What to produce: Pictures in the material below are to be left out, and only the lines from the line with "História: Slave of Love" up to and including the line with "Born to Raise Hell poster" are to be written out exactly.

Exercise material:

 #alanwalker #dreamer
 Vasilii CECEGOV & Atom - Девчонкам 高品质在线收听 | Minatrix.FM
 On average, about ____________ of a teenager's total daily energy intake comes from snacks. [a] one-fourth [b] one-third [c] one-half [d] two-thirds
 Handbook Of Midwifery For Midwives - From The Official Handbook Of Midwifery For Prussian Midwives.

==

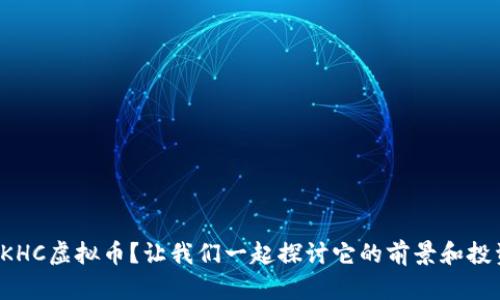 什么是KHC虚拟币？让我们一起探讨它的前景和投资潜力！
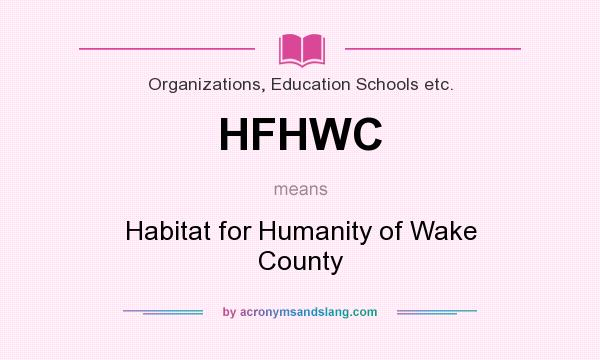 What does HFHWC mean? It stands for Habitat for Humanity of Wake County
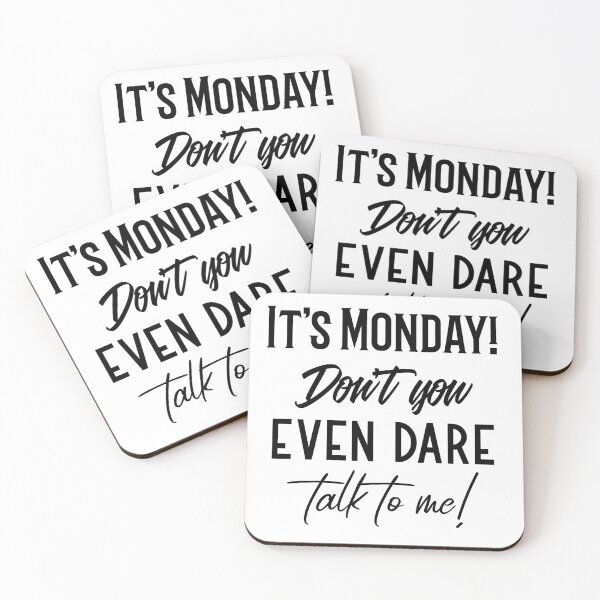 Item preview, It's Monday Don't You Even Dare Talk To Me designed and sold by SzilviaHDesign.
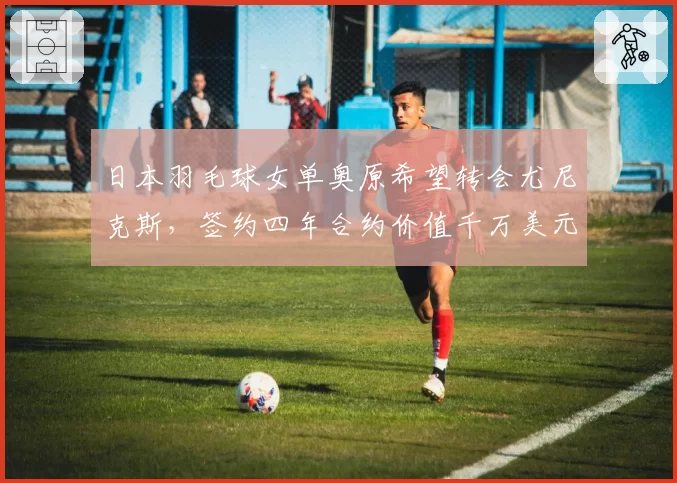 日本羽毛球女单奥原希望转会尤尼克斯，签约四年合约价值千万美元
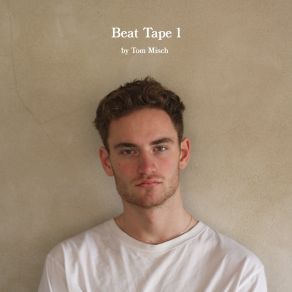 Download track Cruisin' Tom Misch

--

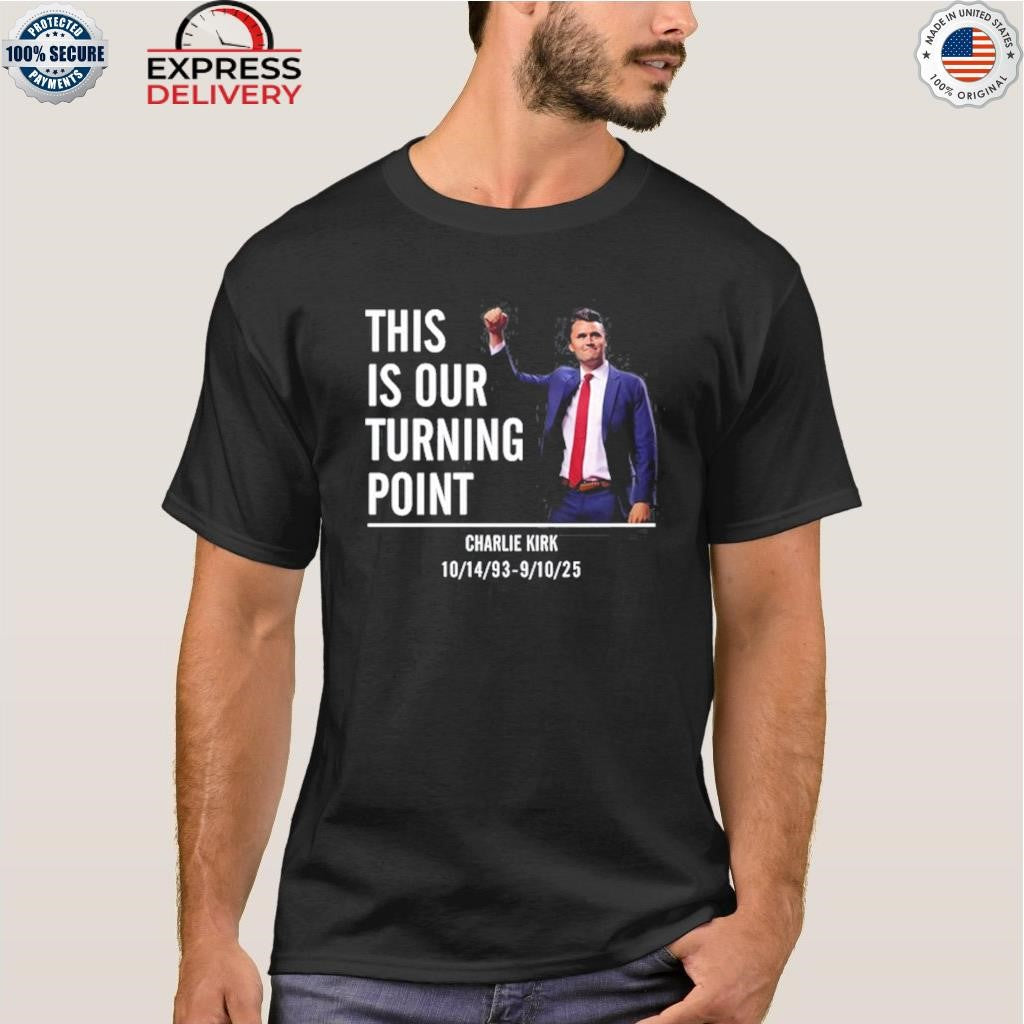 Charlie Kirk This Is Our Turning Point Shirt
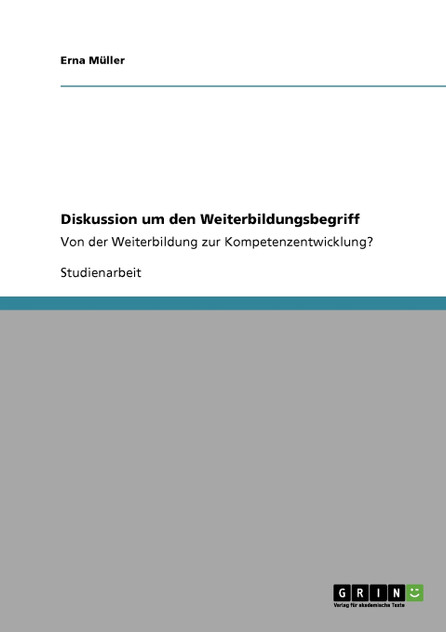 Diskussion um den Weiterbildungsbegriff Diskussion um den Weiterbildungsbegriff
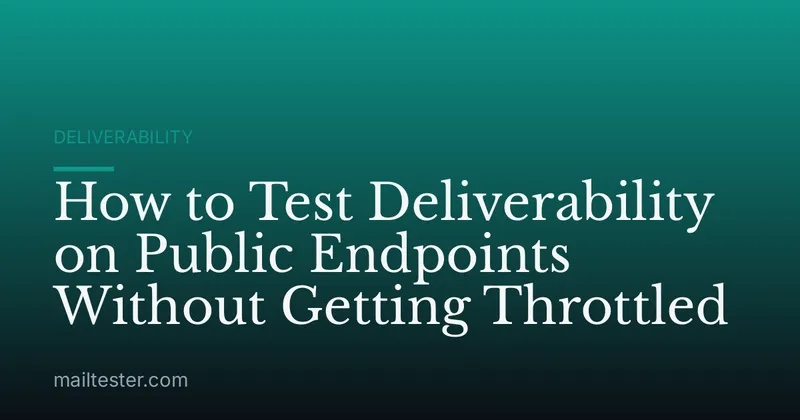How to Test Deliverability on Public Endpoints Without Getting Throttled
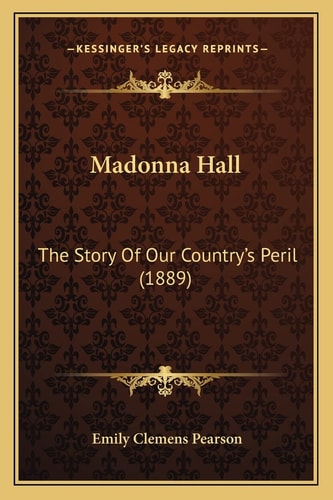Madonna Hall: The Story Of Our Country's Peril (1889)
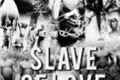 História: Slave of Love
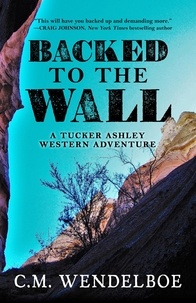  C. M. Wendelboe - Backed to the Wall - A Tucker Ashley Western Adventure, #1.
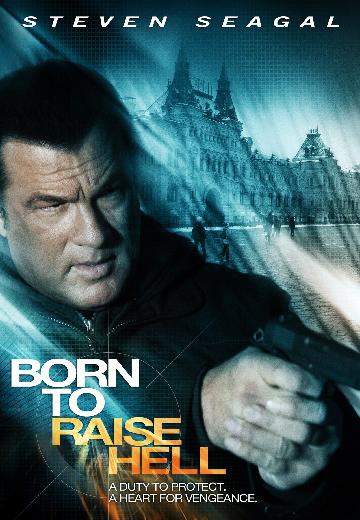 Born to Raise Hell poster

Result of this task:
 História: Slave of Love
  C. M. Wendelboe - Backed to the Wall - A Tucker Ashley Western Adventure, #1.
 Born to Raise Hell poster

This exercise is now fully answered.